Supplied data -
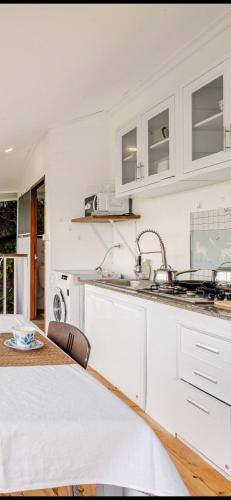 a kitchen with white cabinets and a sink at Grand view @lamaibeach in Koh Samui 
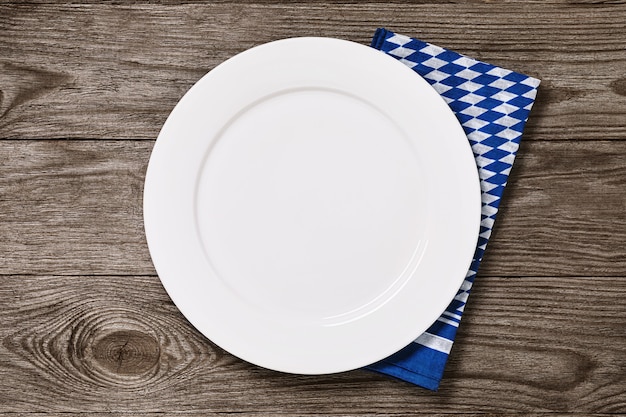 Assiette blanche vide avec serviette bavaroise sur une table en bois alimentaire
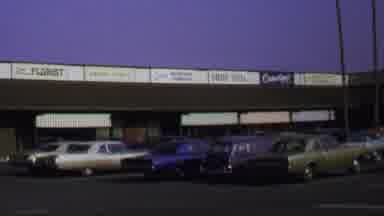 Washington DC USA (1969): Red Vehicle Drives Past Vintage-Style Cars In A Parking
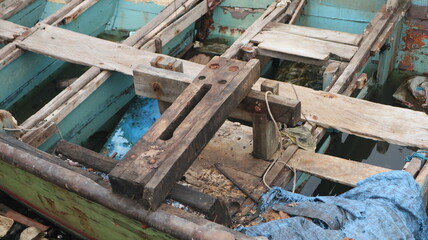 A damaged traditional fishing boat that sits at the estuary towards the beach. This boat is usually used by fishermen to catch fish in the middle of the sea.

Task requirements - Only what runs from the line with "Washington DC USA" through the last line of the listing above belongs in the answer, set down exactly and free of pictures.

Task answer -
 Washington DC USA (1969): Red Vehicle Drives Past Vintage-Style Cars In A Parking
 A damaged traditional fishing boat that sits at the estuary towards the beach. This boat is usually used by fishermen to catch fish in the middle of the sea.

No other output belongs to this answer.